従来の銀行システムでは、銀行は自社のデータや機能を独占的に利用していました。
オープンバンキングでは、銀行は外部事業者に自社のデータや機能を提供することで、手数料を得られるようになりました。
例えばウーバーは銀行機能を使用しているため、オープンバンキングによって定期的に手数料を得ることができます。
ウーバーは顧客がアプリ上でクレジットカードによって支払う際に、銀行のシステムを利用して決済を行っています。
そのため、ウーバーは銀行から手数料を受け取ることができるのです。
ターゲット以外の顧客獲得
オープンバンキングによって、銀行のターゲット顧客以外も取引の対象になれます。
例えば経済力が低く、銀行のターゲット顧客ではなかったウーバードライバーでも、オープンバンキングを通じて間接的に顧客となれるのです。
外部と連携することで、自身では考えつかなかったビジネス展開が可能
オープンバンキングを利用することにより、外部の事業者と円滑に連携することが可能です。
その結果、想像もしなかったようなビジネスを展開できるでしょう。
ウーバーの場合、連携することでウーバードライバーにリアルタイムの入金機能を提供できます。
オープン バンキング化の課題
ここからはオープンバンキング化における課題について解説していきます。
セキュリティの課題
銀行には、高度なセキュリティが要求されます。
背景には、お金に関するセキュリティを特に重視する日本人の国民性もあるでしょう。
この基準は、FinTechなどのベンチャー企業や外部事業者にとっても非常に高いものであることは間違いありません。
つまり現在の状況では、世界でも類を見ない高品質を追求する日本人の国民性と、銀行ならではの知識や経験を活かしながら、外部事業者と協力してオープンバンキングに対応するためのセキュリティ環境を整備する必要があるといえます。
一方でセキュリティを重視するあまり、利用者の利便性を著しく損ねることは望ましくありません。
そのため、例えば生体認証や指紋認証など、利用者にとって負担が少なくセキュリティ性の高い技術を組み合わせることが重要です。
データを安全に共有できるか
オープンバンキングにおける重大な課題は、データを安全に共有することです。
それゆえ多くの銀行がデータアーキテクチャ全体を再設計し、データへの安全なアクセスを実現するために、APIベースのマイクロサービスアプローチを取り入れています。
しかし最近では、米国ではクロスセリングの問題、英国では不適切な債務返済補償保険(PPI)の販売問題などが報道されています。

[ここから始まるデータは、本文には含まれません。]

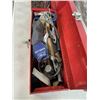 Image 6 : 2 TOOL BOXES AND ASSORTED HAND TOOLS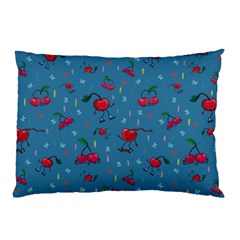 Red Cherries Athletes Pillow Case by SychEva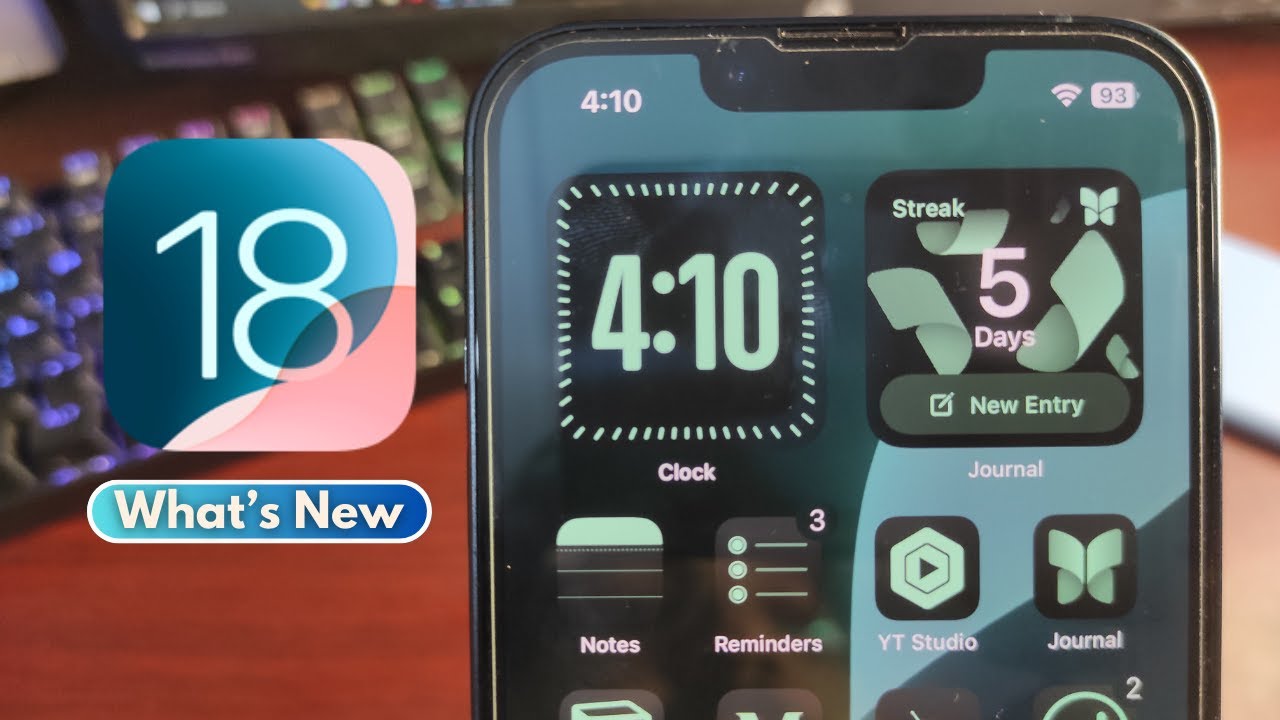 iOS 18 is OUT with NEW FEATURES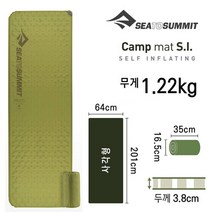 SB클럽 [씨투써미트(Sea To Summit)] 캠프매트 SI RE WD RT 자충매트[L/201cm], 선택완료, 단품없음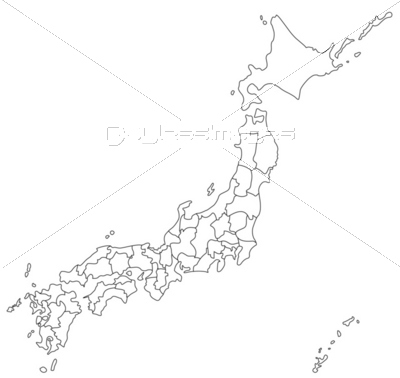 日本地図 白地図の写真 イラスト素材 Xf ペイレスイメージズ
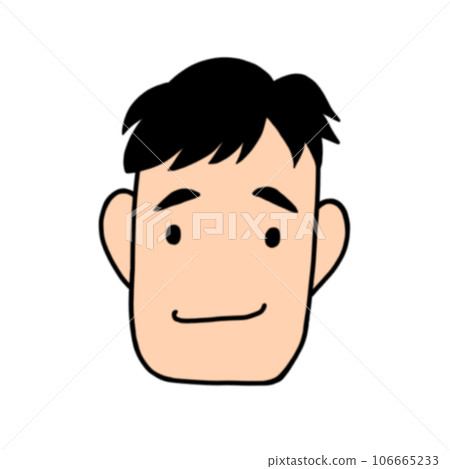 一個男人的臉的插圖 一個男人的臉的插圖 106665233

銀行は顧客の信頼を得なければならず、GDPRやPSD2などの規制の遵守も難しくなっているのです。
またこれらの規制によって、顧客のデータが新しい商品やサービスの開発に使用されるかどうかも大きく左右されます。
マネーロンダリングやテロ資金調達のリスク
銀行がオープンAPIに取り組むうえで、本人確認や不正防止は非常に重要な機会となります。
しかしデータの消失、個人情報の盗難、データ保護違反、マネーロンダリング、テロ資金調達などのリスクが存在します。
完全なデジタル化を目指す銀行では、業務がウェブ上で完全に管理されるため、高度なセキュリティが求められる環境となります。
オープンバンキングを活用した企業・事業事例
ここではオープンバンキングを活用した、企業や事業事例について解説していきます。
Tink
スウェーデンのフィンテックスタートアップ企業「Tink」は、2019年に1,120万ドルの資金調達を実施したことを発表しました。
この資金調達は、PayPalからの支援により実現しました。
また、Tinkは同社と戦略的なパートナーシップを結んでいます。
Tinkは個人の資産管理(PFM)に特化したアプリケーションを手がけており、今年2月にはシリーズDで6,400万ドルの資金調達を行いました。
Tinkのオープンバンキングには、以下の3つのユースケースが存在します。
1つ目は、法人向けの「複数口座管理」です。
法人側はTinkのシステムを導入することで、ユーザーの銀行口座情報を即座に取得できるようになります。
例えばスウェーデン銀行がTinkを使用して導入している「The Mortgage Match」というサービスがあります。
ユーザーはこのサービスで銀行口座を入力し、すでに利用しているローンと同じ銀行のローンを比較することが可能です。
そのため銀行側は、ユーザーに対して有益な提案ができるようになります。これが仕組みの要点です。
2つ目は、コンシューマー向けのPFMアプリケーションです。
アプリを使用することで、登録している銀行口座を通じて全ての支払い手続きや他の銀行への送金を一括で行えます。同社によると、スウェーデン国内ですでに50万人がTinkアプリを利用していると報告されています。
3つ目は、諸銀行へ向けたPMFマネージメントAPIの提供です。
例えば、法人向け銀行口座を提供するNordic Bank SEBが挙げられます。この銀行は1970年に設立されましたが、Tinkのシステムをそのまま統合することで、使いやすいUI/UXを提供できるでしょう。
Acorns
アメリカでは「Acorns」という投資アプリや、「Affirm」という後払いサービスが多くの人々から人気を集めています。
これらのサービスには数百万人ものユーザーが集まるようになり、その結果「ユーザーの資金移動」や「FinTechサービスが利用できない銀行に対する避けられない傾向」といった問題が起こり始めました。
そして銀行はこれらの人気のあるFinTechサービスに対して、積極的にAPIを提供するようになったのです。
アメリカでは外部事業者であるFinTech企業がオープンバンキングの恩恵を活用し、新しいサービスを次々に提供し始めたことで、オープンバンキングの普及がますます進んでいきました。
Wise
Wise(旧TransferWise)は、手数料の少ないオンラインの海外送金サービスです。
52種類の通貨に対応しており、65ヵ国への海外送金を利用できます。
Wiseは日本でも利用することができます。
まとめ
今回は、オープンバンキングがどのようなものなのかについて解説しました。
オープンバンキングの議論は全世界に広がっており、このトレンドは継続していくでしょう。
ただし、普及のペースは国によって異なります。
インターネットへのアクセスが十分でない地域はまだ多く存在し、モバイルインターネットの普及スピードには差異があります。
従来の金融サービスも、より革新的なテクノロジーに変革していくでしょう。